(SUPPLIED MATERIAL)
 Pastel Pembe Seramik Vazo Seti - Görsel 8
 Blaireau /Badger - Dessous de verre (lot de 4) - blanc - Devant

--

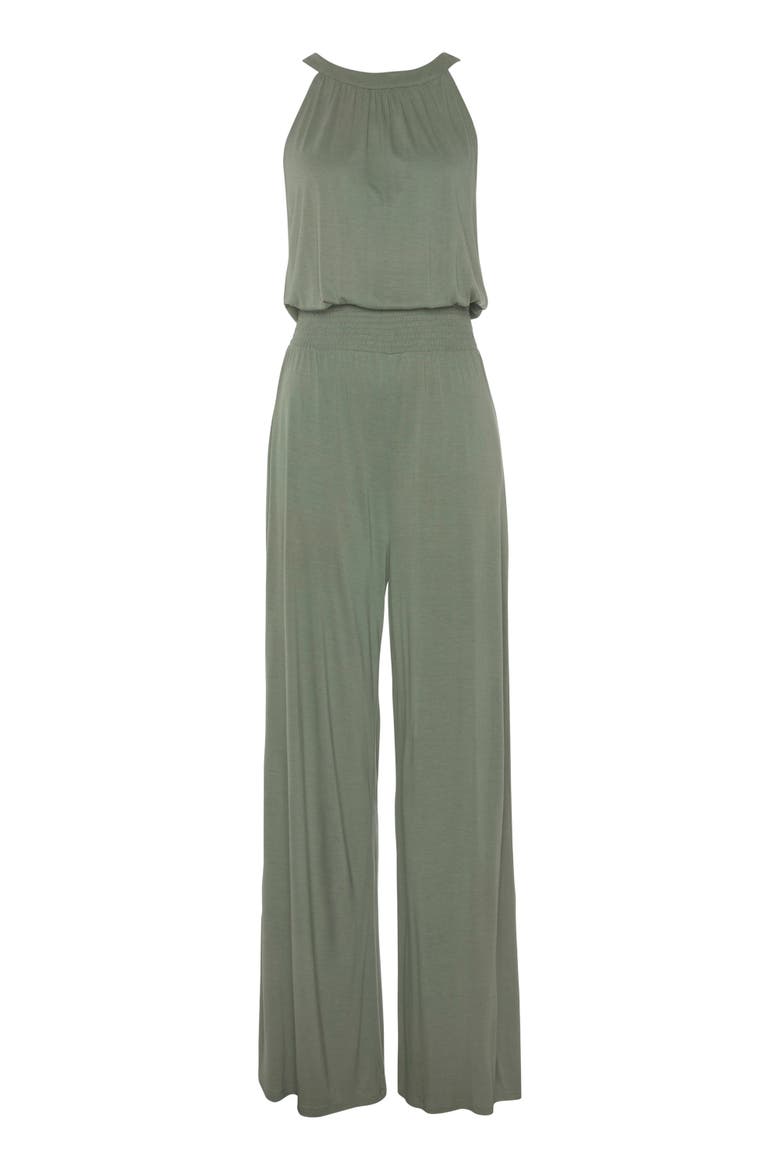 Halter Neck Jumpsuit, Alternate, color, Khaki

(EXERCISE AIM) Give an exact copy of the lines above from the line with "Pastel Pembe Seramik Vazo Seti - Görsel 8" up to and including the line with "Blaireau /Badger - Dessous", and leave everything else out.

(TASK RESPONSE)
 Pastel Pembe Seramik Vazo Seti - Görsel 8
 Blaireau /Badger - Dessous de verre (lot de 4) - blanc - Devant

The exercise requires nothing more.